Soundwalk Collective’s composition for Hala Wardé’s ‘A Roof For Silence’ is inspired by the centrepieces of the Venice Biennale’s Lebanese Pavilion: the thousand-year-old olive trees of Bchaaleh, a remote village in the Batroun region of Lebanon. These trees of wisdom are silent witnesses of permanence and fragility: their natural formations evoke and elude gravity at once, as they live and breathe simultaneously in the past, present and future. They exist beyond the grasp of our concept about time and space, still producing fruits yet stoically standing, unmoved for over a century. The sound piece is composed of two chapters, ‘Falling Into Time’ featuring Lucy Railton on cello, and Antiforms featuring Daisuke Tadokoro on piano, reflecting the notion of the olive tree as a bridge between these two worlds of presence and void.
‘Falling Into Time’ slowly immerses us into the ground; roots grow deeply within the earth and natural matter, every day, hour, minute, second. The sound of a vibrating cello connects with the resonant frequency of the olive tree, evoking a timeless space where presence and void coexist.
‘Antiform’, a piece inspired by Paul Virilio’s concept, evokes the sky and the idea of expanse, anti-gravity and elevation.
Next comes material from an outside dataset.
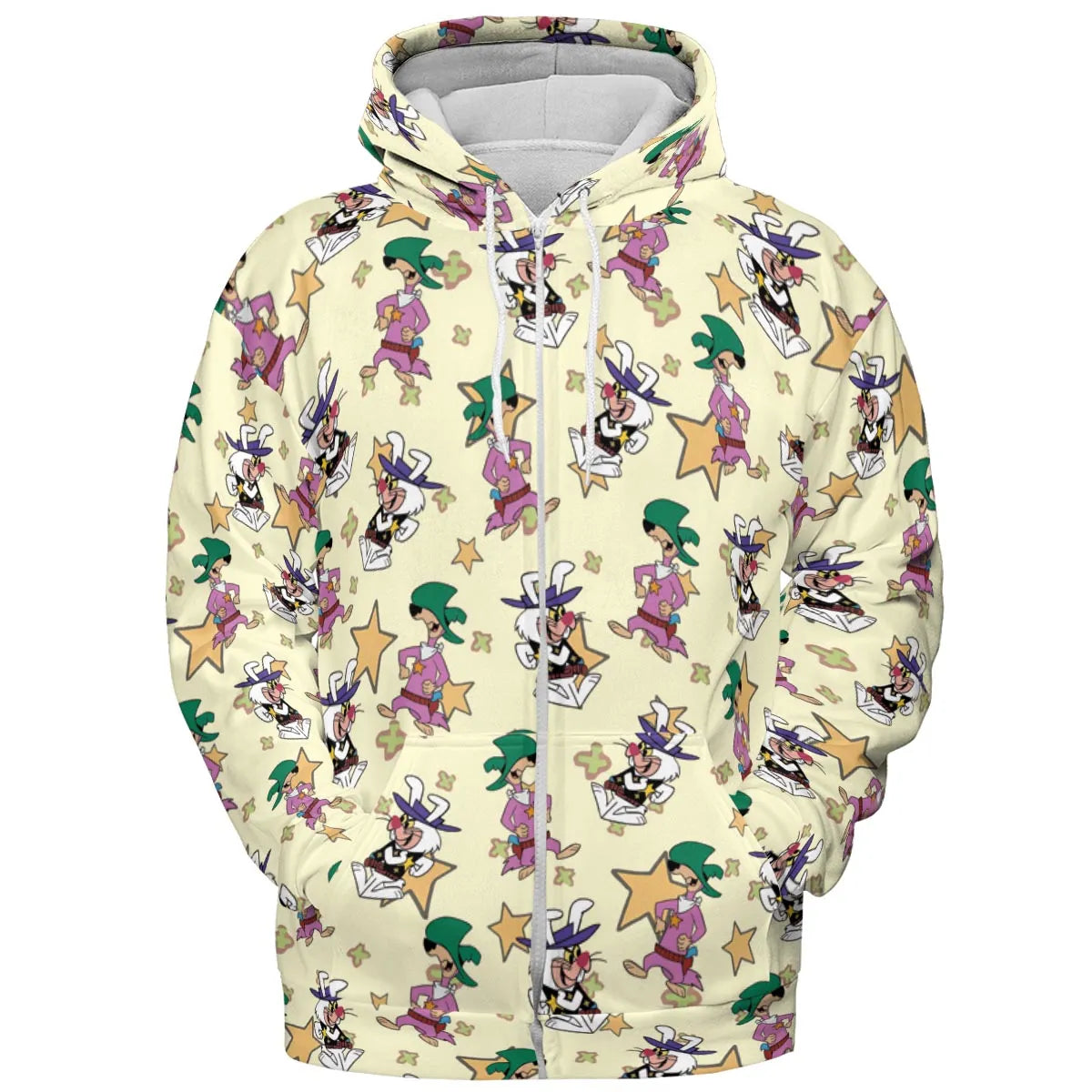 All-over Print Hoodie - YUDPF1FF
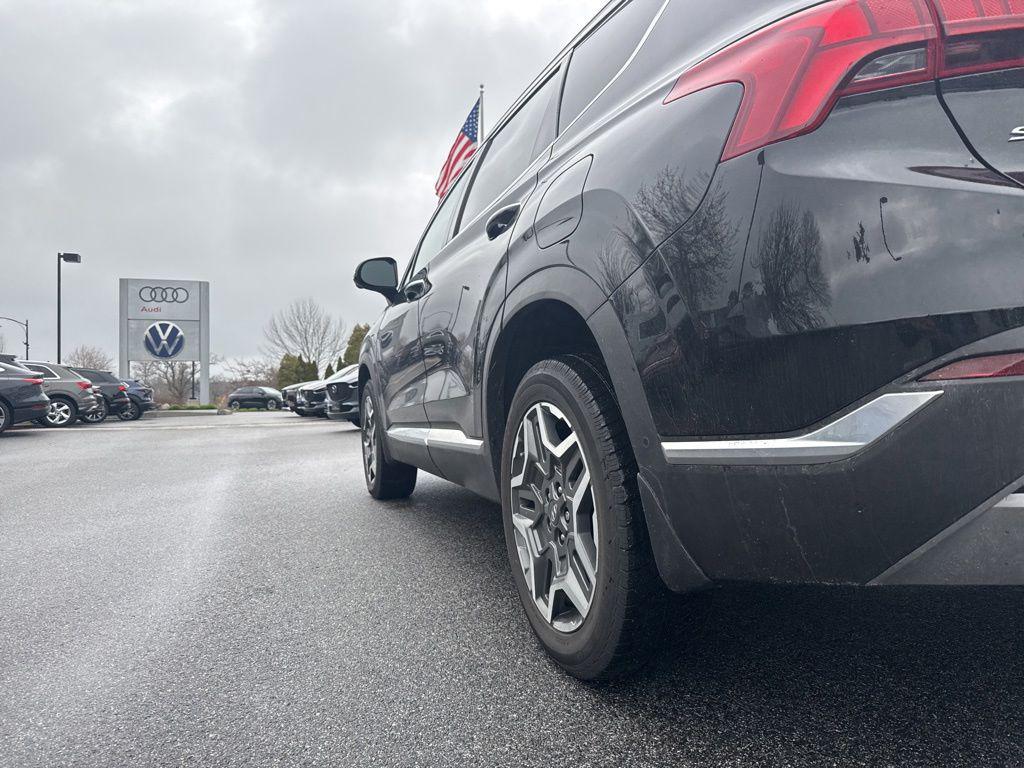 used 2023 Hyundai Santa Fe car, priced at $27,848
We remember Virilio’s words: “where there is a sentient object, being or thing, the space is no more, we take away a volume from it, by this very act we give it a shape: the Antiform.” All elements let go of structure and become informal and abstract; the improvised piano loses order and breaks free from existing patterns.
“Where there is a sentient object, being or thing, the space is no more, we take away a volume from it, by this very act we give it a shape: the Antiform.”